But that turned out to be just the beginning of Nassi's troubles with his latest and most extravagant project.

Four months after the Beauvallon broke ground, the September 11 attacks shook Wall Street and the rest of the nation. As real-estate funding all over the country vanished, so did Nassi's financing. Neighbors watched anxiously as the months passed and the project remained a hole in the ground. Nassi soon found new investors, but residents didn't start moving in until 2004 and 2005. By then, many of his deals had started to sour.

He had wooed the owners of Matrix Fitness & Spa with special deals on rent and promises of abundant parking. Larry and Kathy Levy were planning a club that fit with Nassi's opulent vision for the Beauvallon: private rooms for massage and facials, elliptical machines equipped with individual screens to watch TV or check e-mail. Nassi, in turn, could use the Matrix as an incentive to hook buyers, giving them a steep membership discount as part of their homeowners' fee.

But the gym's construction finished eleven months late, according to court allegations made by Larry Levy, and some of the parking spaces never materialized. Flaws in the heating and ventilation system left gym members boiling in the summer time, and drains in the locker rooms sloped up instead of down. In 2005, Levy sued Nassi for $1.2 million in damages.

"He builds a beautiful facade, and basically it's only skin deep. Everything behind it is cheap," Larry Levy says. Nassi disputes Levy's claims, and the case is still pending in Denver District Court.

Nassi says the Matrix was finished late because little details kept changing — the carpet was ripped up, the tiles in the bathroom switched. Plus, he says, any money that Levy lost on the delays should have been compensated for by his four years of free rent. "Larry's issues are his own issues," Nassi says.

Jay Chadrom signed a lease in April 2005 for a restaurant space on the first floor of the Beauvallon, but heating, ventilation and plumbing problems delayed the opening of the Aqua oyster bar until August 2006. Still, Chadrom doesn't blame Nassi. In fact, the two are good friends, and Chadrom held Nassi's birthday party at Aqua on opening night.

"Everybody runs into certain bumps in their career," Chadrom says. "I just know he's a good guy, he's a good person. He's highly motivated; he thinks beyond the average-Joe concern.... He's a very smart kid."

The two men met years ago through their mutual friend, nightclub owner Regas Christou. Since then, Chadrom has never wavered in his loyalty. They share a special kinship, since Chadrom is Iranian and so is Nassi's father. In Chadrom's view, people who sign a contract with Nassi deserve what they get. "He's just smart putting deals together," Chadrom says. "They're a bunch of idiots that keep signing."

As for Nassi's rise and fall in the Denver real-estate scene, Chadrom considers it a problem of timing: "He was too fast, for his own sake and Denver's sake, really."

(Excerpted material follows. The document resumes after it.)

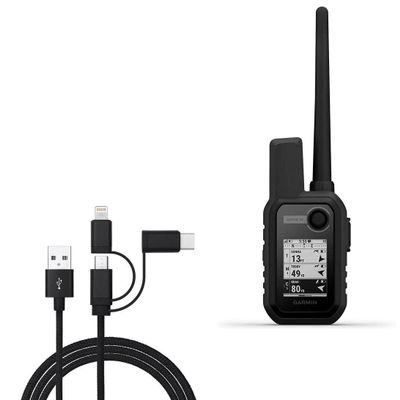 BoxWave Cable Compatible with Garmin Alpha 10 - AllCharge 3-in-1 Cable - Jet Black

Still, because of the gutter problems and other concerns, Chadrom recently shuttered Aqua and moved the business across Lincoln to his other restaurant, Opal.

Nassi sold the commercial portion of the Beauvallon to J&J Property Investments in 2005, but no one from that company could be reached for comment. The phone number listed for owners Maria and Johnson Lin, in the town of Superior, has been disconnected. Realtor David Fried says he is trying to lease the properties on behalf of a court receiver; he wouldn't comment further.

In the past four years, a number of other businesses have also opened and quickly closed in the Beauvallon, including Deli Zone and Moda Ristorante and Lounge. Today, three of the nine storefronts are empty.

While they acknowledge that his methods may have rubbed some people the wrong way, two other former Nassi business partners also give him credit.

Joe Simmons, the architect who designed the Prado and the Belvedere, calls Nassi a "hard-ball businessman, and I think some people in this town aren't used to that... But he paid me every penny he owed me. I admire the man. He's very ambitious.

"He always operated under the premise that a dollar he didn't have to spend was a dollar he could put in his pocket," adds Simmons, who lived in the Belvedere for five years after designing it. "I don't think that he was unethical in the way he did business, but he was a pretty willful man."

Spa owner Griffin explains it simply: "Craig's always going to get the one-up on a deal. But that's what keeps Craig successful."


It's just really an incredible place. We love it there...we've had no negative experiences," gushes Barbie Gummin, owner of one of the Beauvallon's penthouses, which she recently put up for sale for $2.3 million.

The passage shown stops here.